Ritengo che Dalla Chiesa aveva scoperto cose ancor più gravi: forse aveva individuato la prigione di Moro e proposto un blitz per liberarlo che non gli hanno consentito di fare. Su questo episodio esistono testimonianze ineccepibili, come quella del professor Carlo Alberto Moro. Lo ha anche scritto in un suo libro, indicando la località sul litorale romano.
Perché nel 1980 lo Stato scese a patti con le Brigate Rosse e pagò un riscatto per la liberazione dell’assessore democristiano Cirillo, rinnegando la linea della fermezza che solo due anni prima aveva adottato con intransigenza per il sequestro di Moro, presidente dello Scudo Crociato?
È una bella domanda, alla quale è difficile dare una risposta accettabile anche moralmente. Fatto è che quel rapimento delle Brigate Rosse era stato gestito da Giovanni Senzani, un uomo legato al Sismi, protagonista di molti viaggi in America e a Parigi dov’era in contatto con la misteriosa scuola dell’Hiperìon che, secondo magistrati e commissioni parlamentari d’inchiesta, probabilmente nascondeva una centrale di controspionaggio.
Alcune pagine finali del libro sono dedicate a uno dei più spietati killer di Cosa nostra: Nino Gioè. Perché?

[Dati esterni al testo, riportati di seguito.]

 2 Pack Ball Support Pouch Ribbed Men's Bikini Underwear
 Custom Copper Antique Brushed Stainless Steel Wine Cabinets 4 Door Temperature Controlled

Gioè è uno dei sette killer che hanno atteso Falcone sulla collinetta di Capaci. La sua storia non è soltanto quella di un boss spietato. Dall’inchiesta di Caltanissetta emerge un suo ruolo importante nelle trattative tra mafia e apparati dello Stato tra il ’92 e il ’93. E a detta del cugino Frank Di Carlo, prima della strage di Capaci, il killer sarebbe stato addirittura contattato da agenti segreti angloamericani.
Anche la sua morte presenta elementi di oscurità. Quando sarà chiaro con chi si è incontrato, per quale motivo si è ucciso, se si è ucciso, sapremo molto di più non soltanto sulle ultime stragi ma anche sull’Italia nata da quelle macerie. L’Italia di oggi.